Lebenserwartung: 12 bis 15 Jahre
Gewicht: 6 bis 8 kg
Widerristhöhe: 25 bis 30 cm
Charakter: gehorsam, fröhlich, würdevoll,
Farben: falbfarben, schwarz, silber, aprikose, verspielt
FCI-Gruppe: FCI-Gruppe 9
Kosten: Zwischen 600 & 1.000 Euro

Wesen und Charakter

Kenner von Möpse wissen: Die kleinen Vierbeiner haben viel Charme, den sie gekonnt einzusetzen wissen. Wer könnte auch den runden, großen Augen des Vierbeiners widerstehen? Zu sehr verwöhnt werden sollte er jedoch nicht, ansonsten wird er schnell eigensinnig.

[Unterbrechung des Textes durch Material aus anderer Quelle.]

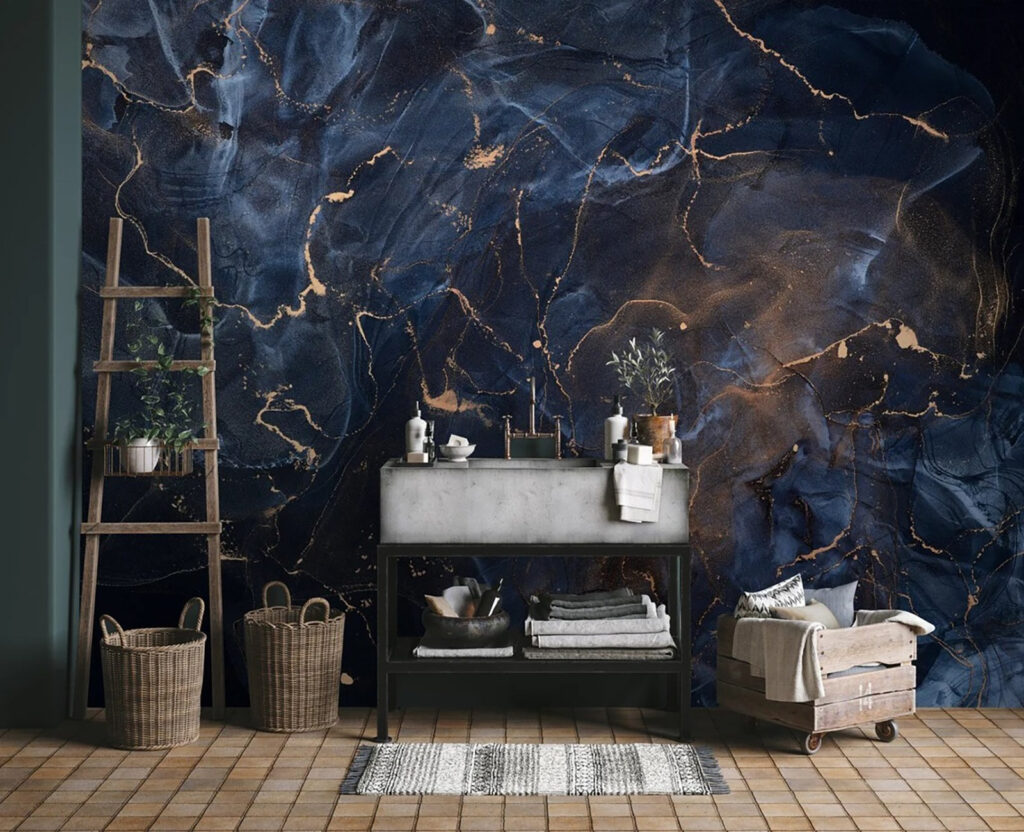 Blue cells, gold lines — interior 1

Ein Mops ist überaus intelligent, lebhaft und gleichzeitig äußerst humorvoll. Gelegentlich ist er stur, daher ist eine konsequente Erziehung nicht wegzudenken. Der kleine Vierbeiner kommuniziert gerne mit seinen Mitmenschen, aber auch bei Artgenossen fühlt er sich wohl. Mit Einsamkeit kann er nicht umgehen, weshalb er nicht ständig alleine gelassen werden sollte. Fühlt er sich nicht richtig behandelt, bekommt der Besitzer dies meist durch Mimik, Gestik oder vereinzelte Grummel-Laute zu spüren.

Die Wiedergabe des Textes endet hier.